> **Exercise instructions**
Here is a listing. Write it all out again exactly, but not its pictures.

> **Data provided**
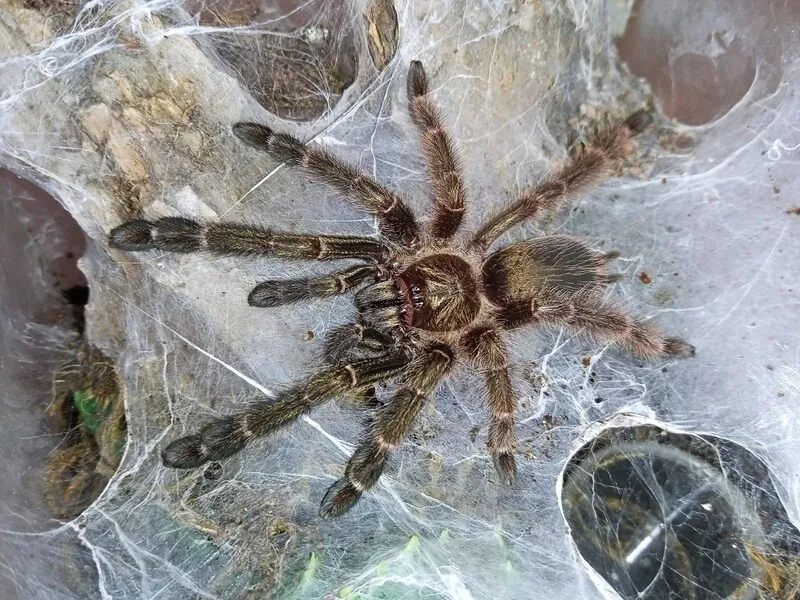 22392 costa rican orange mouth tarantula handling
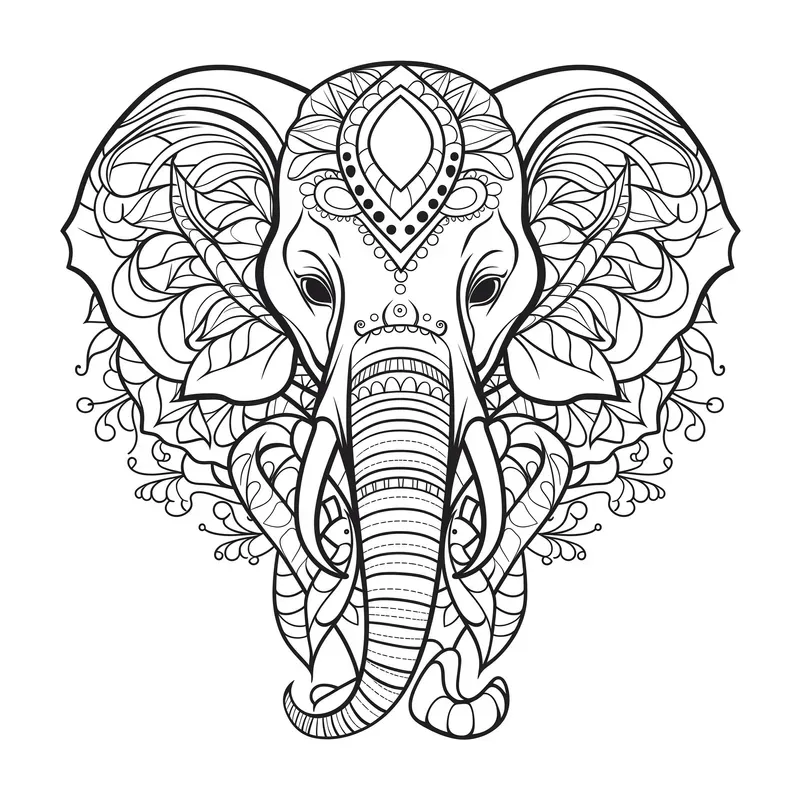 Animals For Your Coloring Books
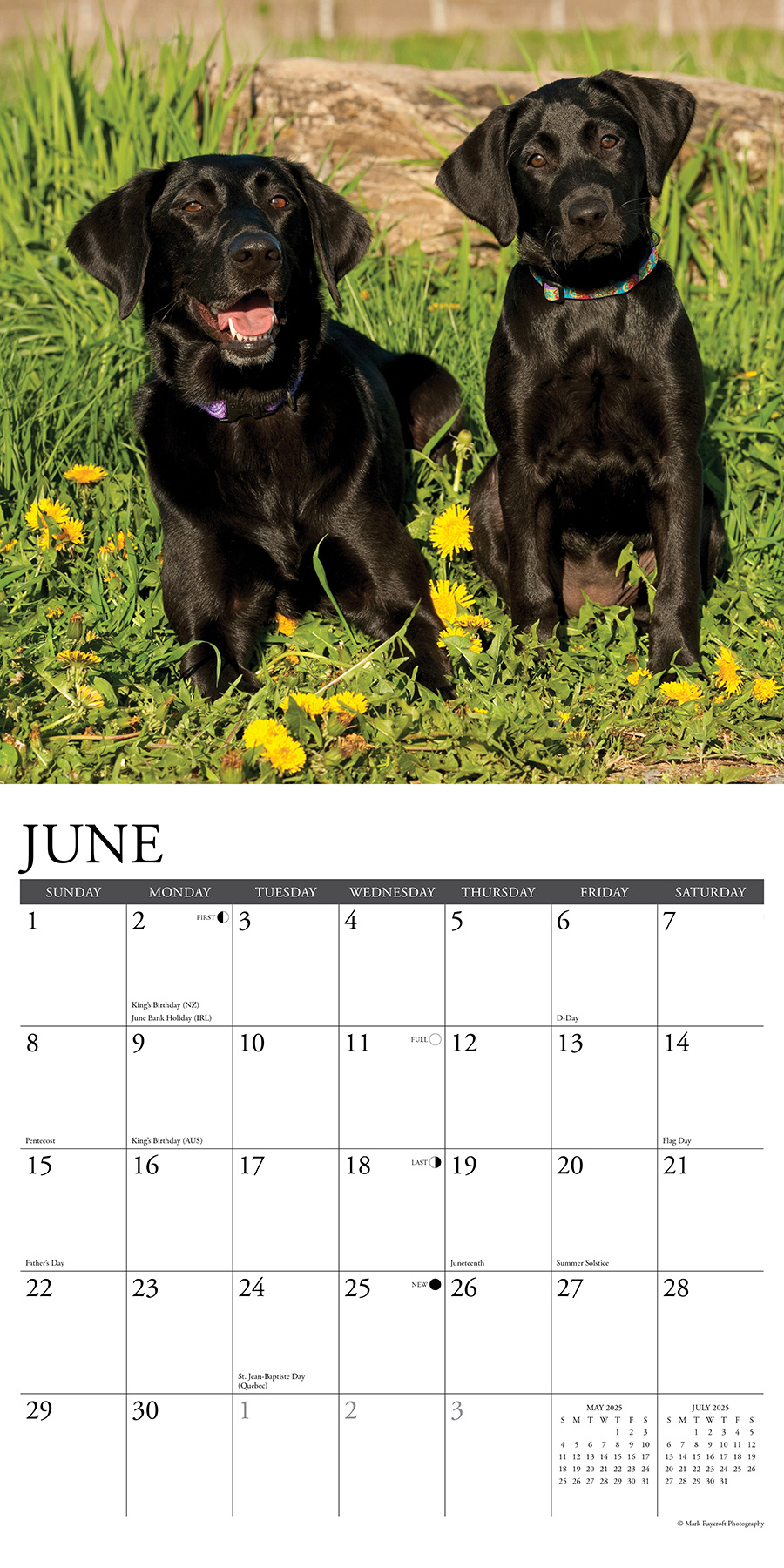 Buy Labrador Retriever Black Calendar 2025? Order easily online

> **Task output**
 22392 costa rican orange mouth tarantula handling
 Animals For Your Coloring Books
 Buy Labrador Retriever Black Calendar 2025? Order easily online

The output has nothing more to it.